__Description of the task__
The expected output is an exact copy of each line from the line with "Small Town Girl with Big Dreams Graphic Tee" through the end of the data below, with no pictures in it.
——————————
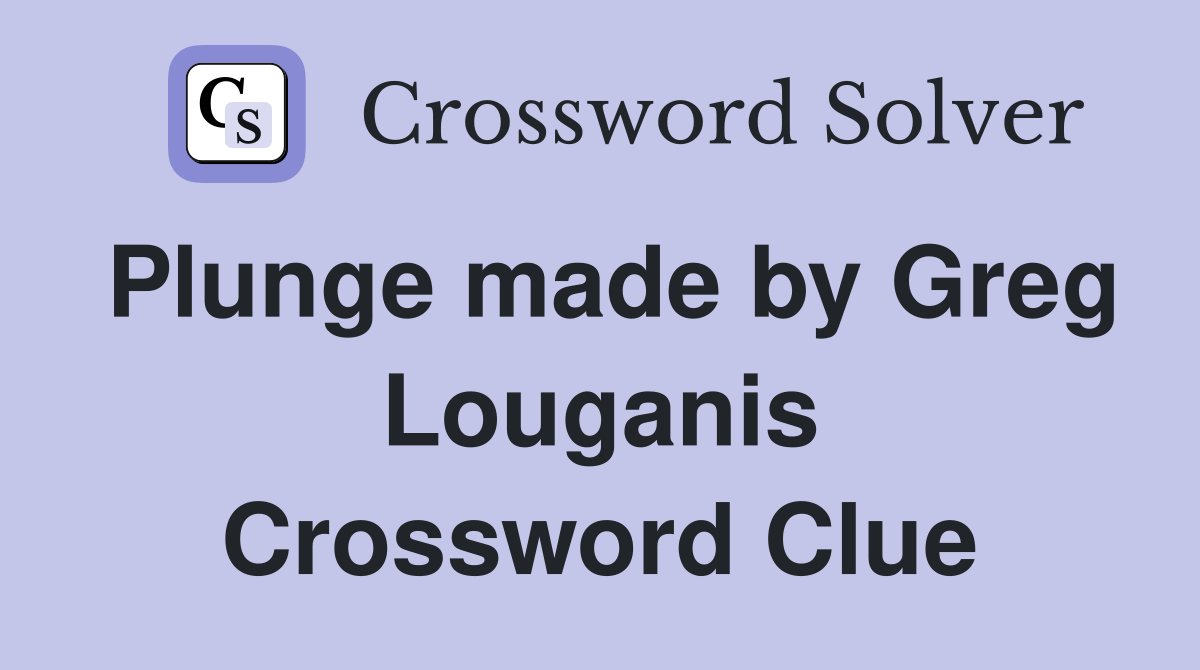 Plunge made by Greg Louganis Crossword Clue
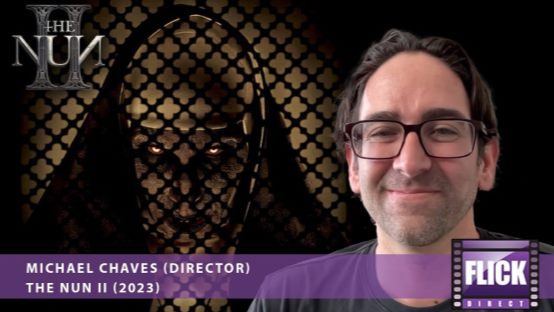 Interview: The Nun II Director Michael Chaves on Conjuring Magic on FlickDirect
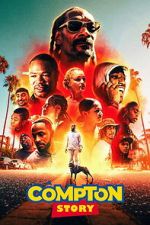 Watch A Compton Story Moviesjoy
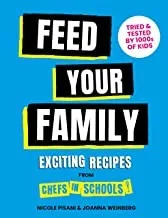 Feed Your Family: Exciting Recipes from Chefs in Schools, Tried and Tested by 1000s of Kids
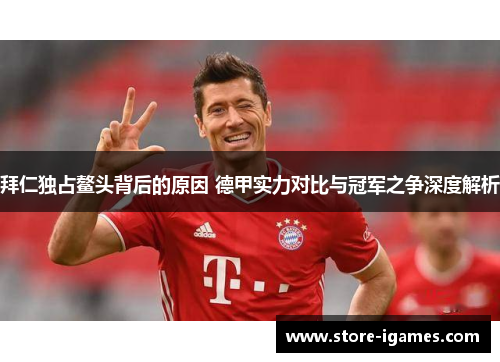 拜仁独占鳌头背后的原因 德甲实力对比与冠军之争深度解析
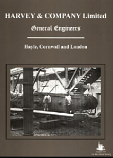 Harvey & company Ltd, General Engineers Hayle, Cornwall and London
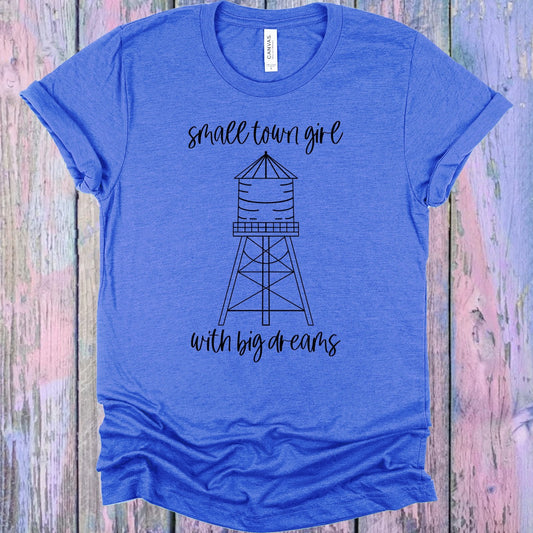 Small Town Girl with Big Dreams Graphic Tee
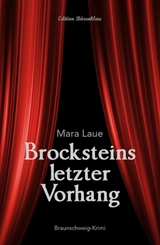 Brocksteins letzter Vorhang -  Mara Laue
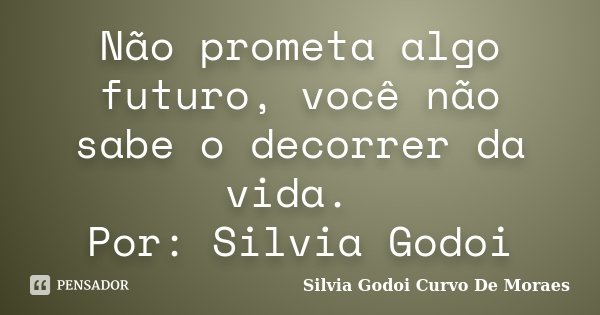 Não prometa algo futuro, você não sabe o decorrer da vida. Por: Silvia Godoi... Frase de Silvia Godoi Curvo De Moraes.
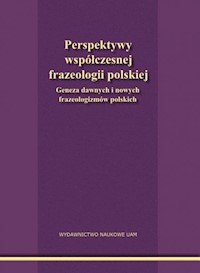 Perspektywy współczesnej frazeologii polskiej -  - książka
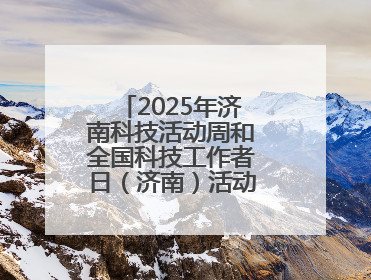 2025年济南科技活动周和全国科技工作者日（济南）活动在起步区启动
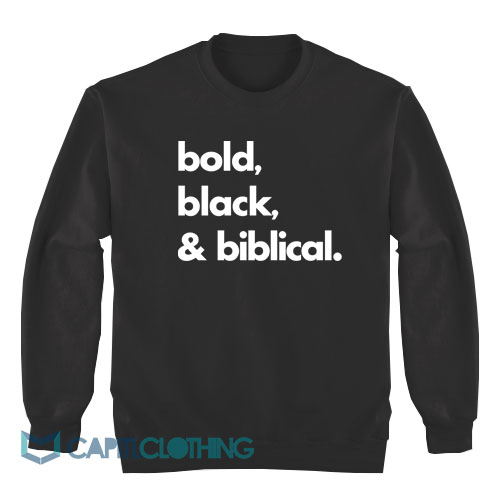 Bold-and-Black-and-Biblical-Sweatshirt1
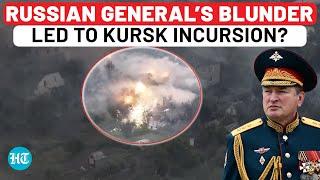 Putin’s General Aided Ukraine’s Kursk Incursion? Big Revelation As Russia Battles Zelensky’s Men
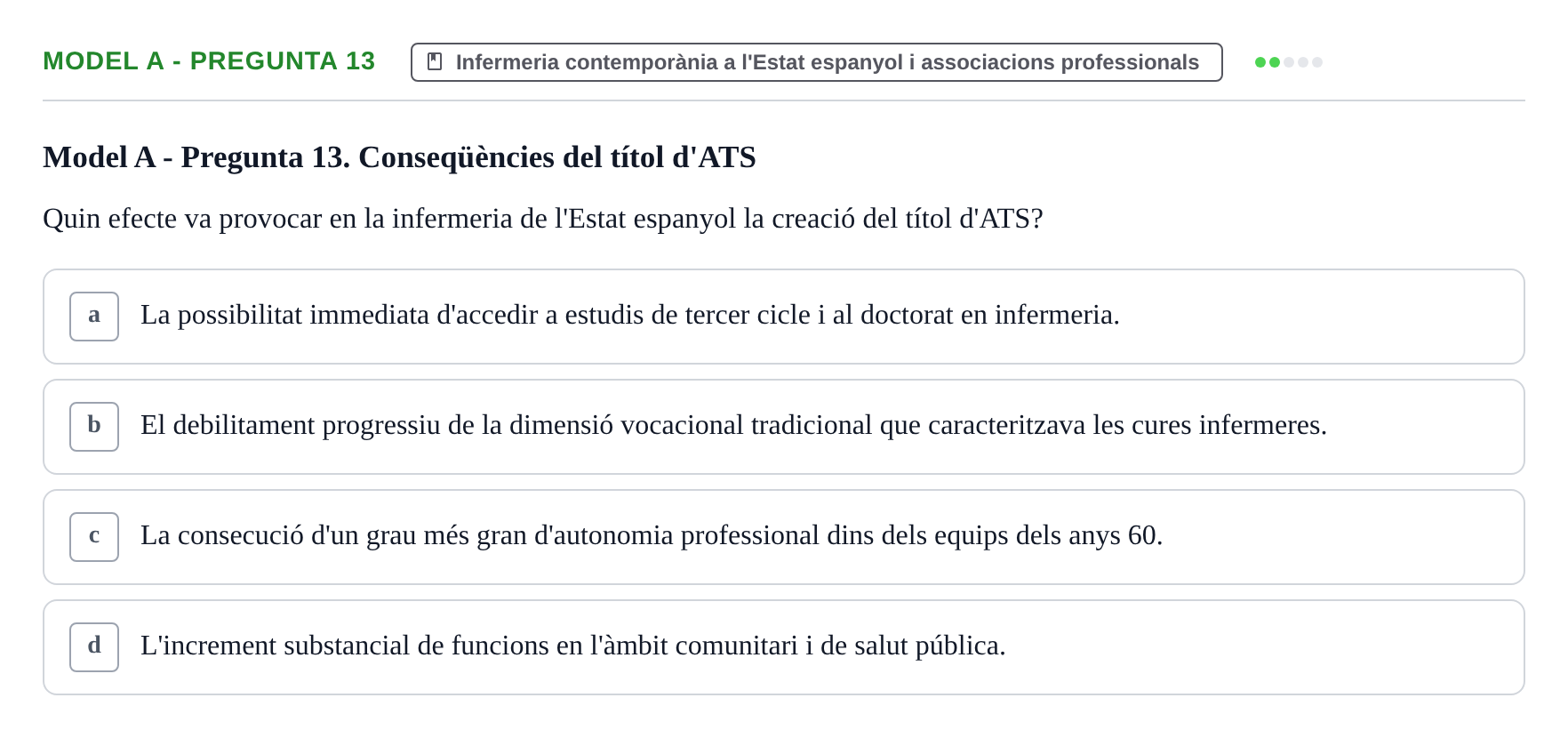 Enunciado: Ejercicio Model A - Pregunta 13 · Bases Teòriques de la Infermeria UVIC Exemples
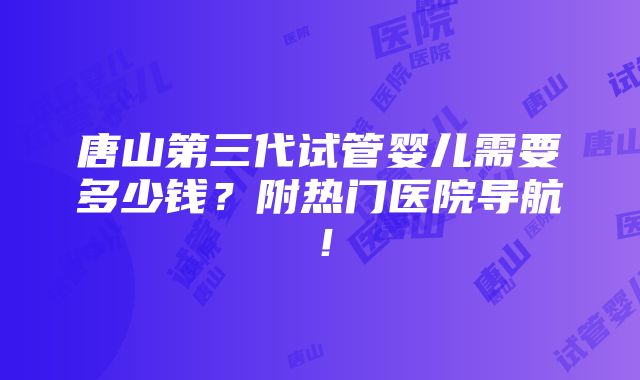 唐山第三代试管婴儿需要多少钱？附热门医院导航！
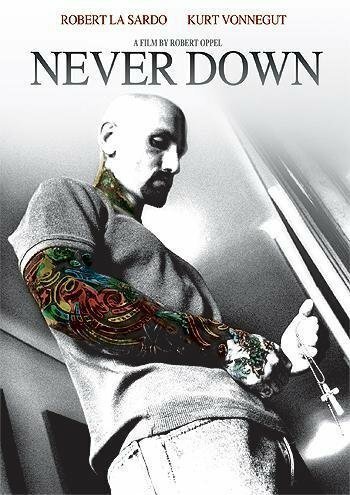 Смотреть фильм Never Down (2007) онлайн в хорошем качестве HDRip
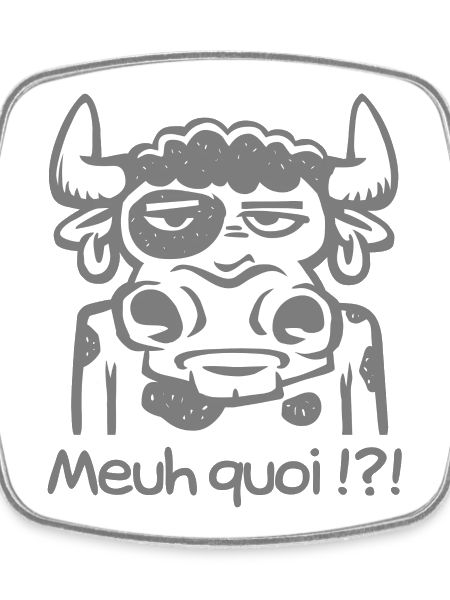 Meuh quoi !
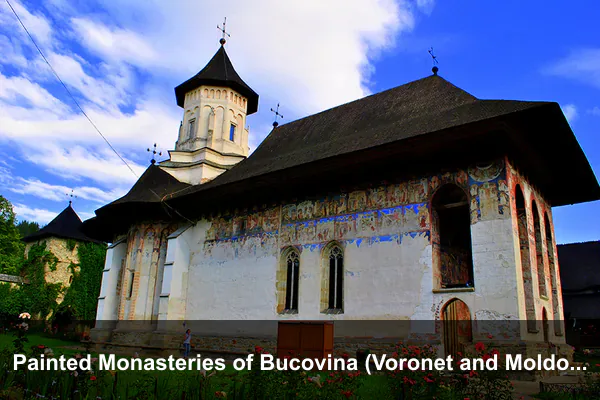 Painted Monasteries of Bucovina (Voronet and Moldovita)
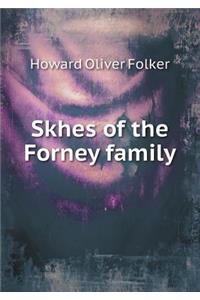 Skhes of the Forney Family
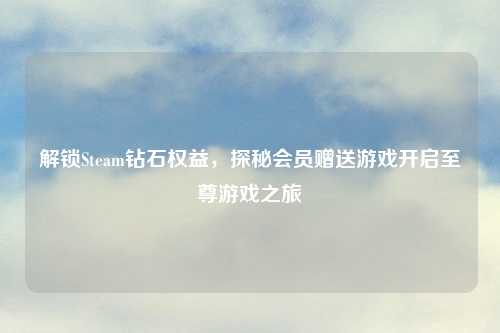 解锁Steam钻石权益，探秘会员赠送游戏开启至尊游戏之旅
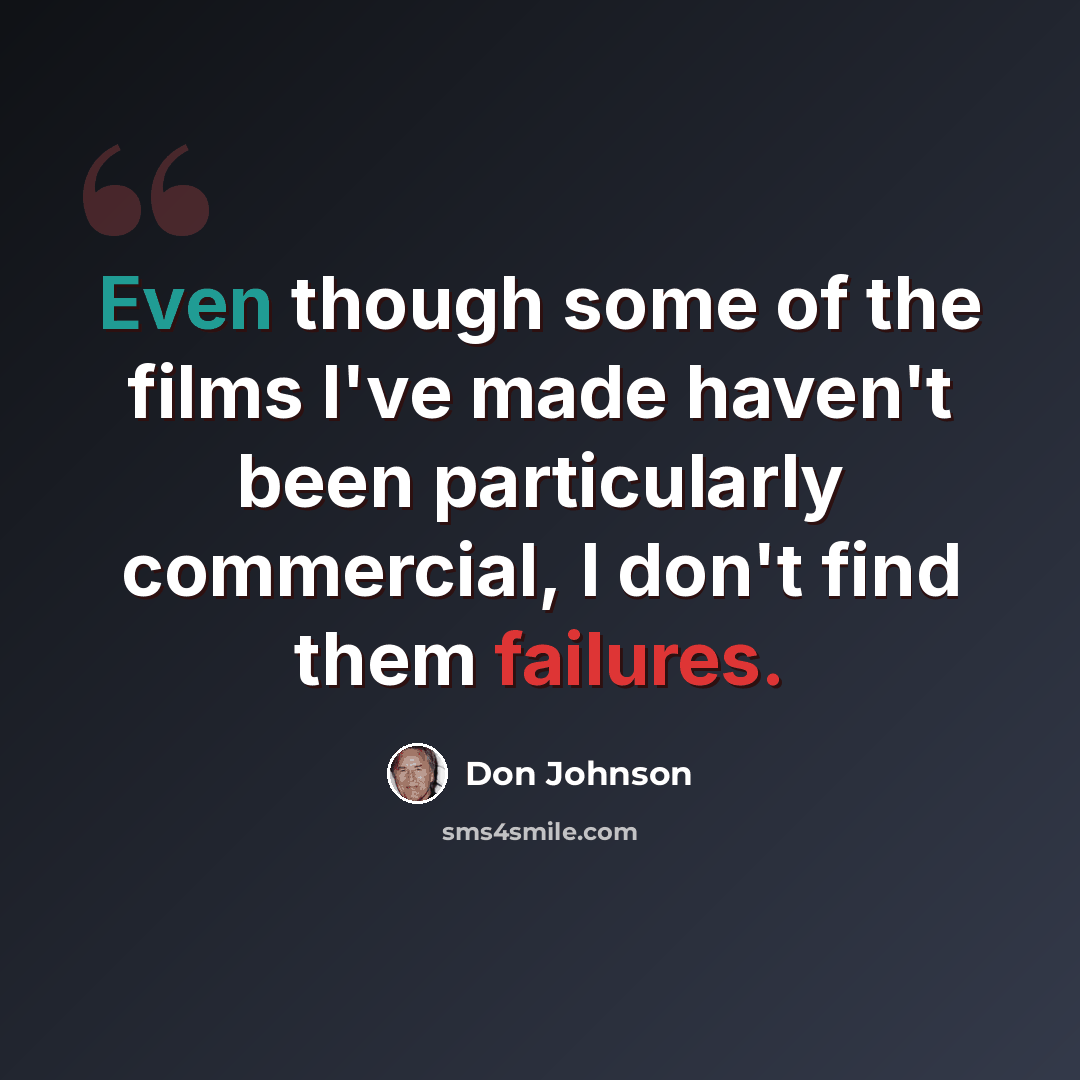 “Even though some of the films I've made haven't been particularly commercial, I don't find them failures.” quote by Don Johnson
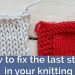 Fixing the last stitch in your knitting to avoid a loose loop on the edge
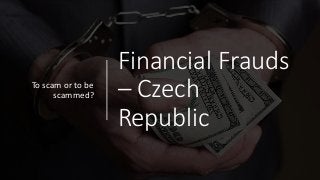 Financial Frauds
– Czech
Republic
To scam or to be
scammed?
 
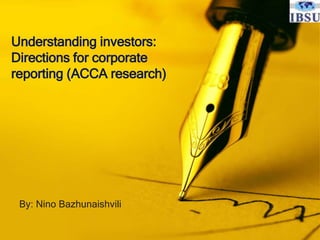 Understanding investors:
Directions for corporate
reporting (ACCA research)
By: Nino Bazhunaishvili
 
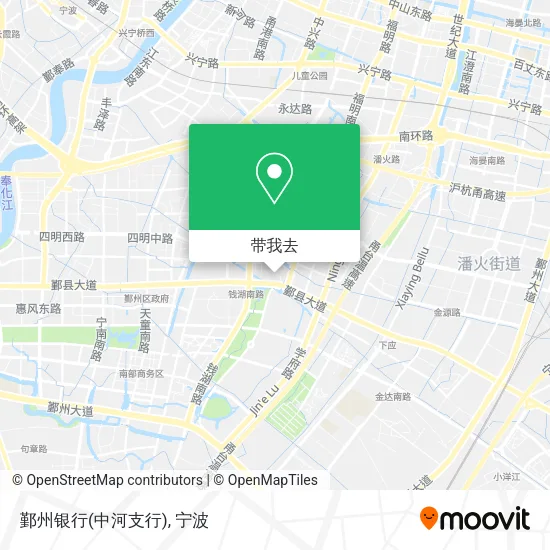 鄞州银行(中河支行)地图
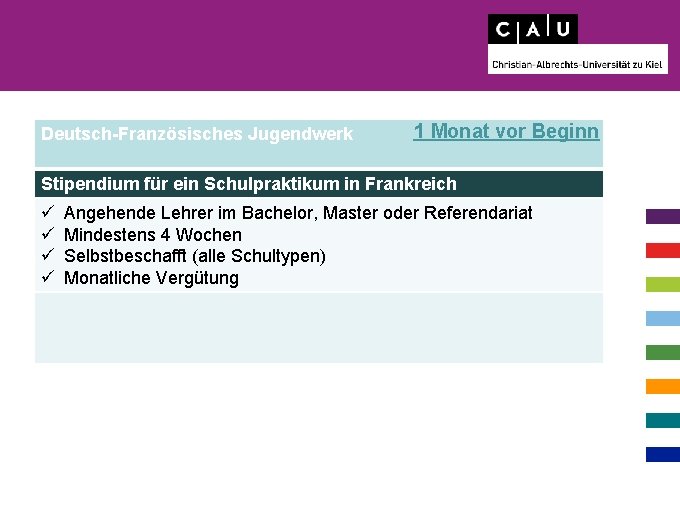 Deutsch-Französisches Jugendwerk 1 Monat vor Beginn Stipendium für ein Schulpraktikum in Frankreich ü ü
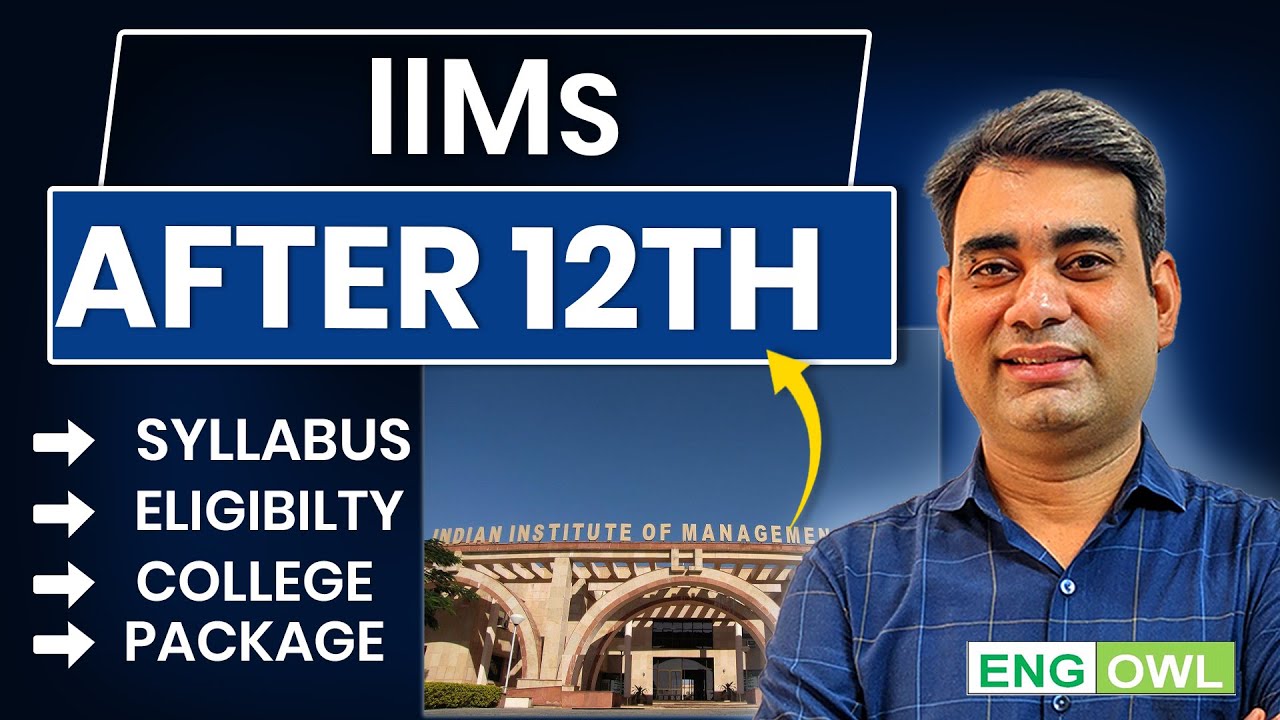 List of IIMs that offer UG Programs after class 12th | Fee | Admission ...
——————————
__Completed task__
 Small Town Girl with Big Dreams Graphic Tee
 Brocksteins letzter Vorhang -  Mara Laue
 Não prometa algo futuro, você não sabe o decorrer da vida. Por: Silvia Godoi... Frase de Silvia Godoi Curvo De Moraes.
 Perspektywy współczesnej frazeologii polskiej -  - książka
 2025年济南科技活动周和全国科技工作者日（济南）活动在起步区启动
 Bold-and-Black-and-Biblical-Sweatshirt1
 Putin’s General Aided Ukraine’s Kursk Incursion? Big Revelation As Russia Battles Zelensky’s Men
 Enunciado: Ejercicio Model A - Pregunta 13 · Bases Teòriques de la Infermeria UVIC Exemples
 唐山第三代试管婴儿需要多少钱？附热门医院导航！
 Смотреть фильм Never Down (2007) онлайн в хорошем качестве HDRip
 Meuh quoi !
 Painted Monasteries of Bucovina (Voronet and Moldovita)
 Skhes of the Forney Family
 解锁Steam钻石权益，探秘会员赠送游戏开启至尊游戏之旅
 “Even though some of the films I've made haven't been particularly commercial, I don't find them failures.” quote by Don Johnson
 Fixing the last stitch in your knitting to avoid a loose loop on the edge
 Financial Frauds
– Czech
Republic
To scam or to be
scammed?
 
 Understanding investors:
Directions for corporate
reporting (ACCA research)
By: Nino Bazhunaishvili
 
 鄞州银行(中河支行)地图
 Deutsch-Französisches Jugendwerk 1 Monat vor Beginn Stipendium für ein Schulpraktikum in Frankreich ü ü
 List of IIMs that offer UG Programs after class 12th | Fee | Admission ...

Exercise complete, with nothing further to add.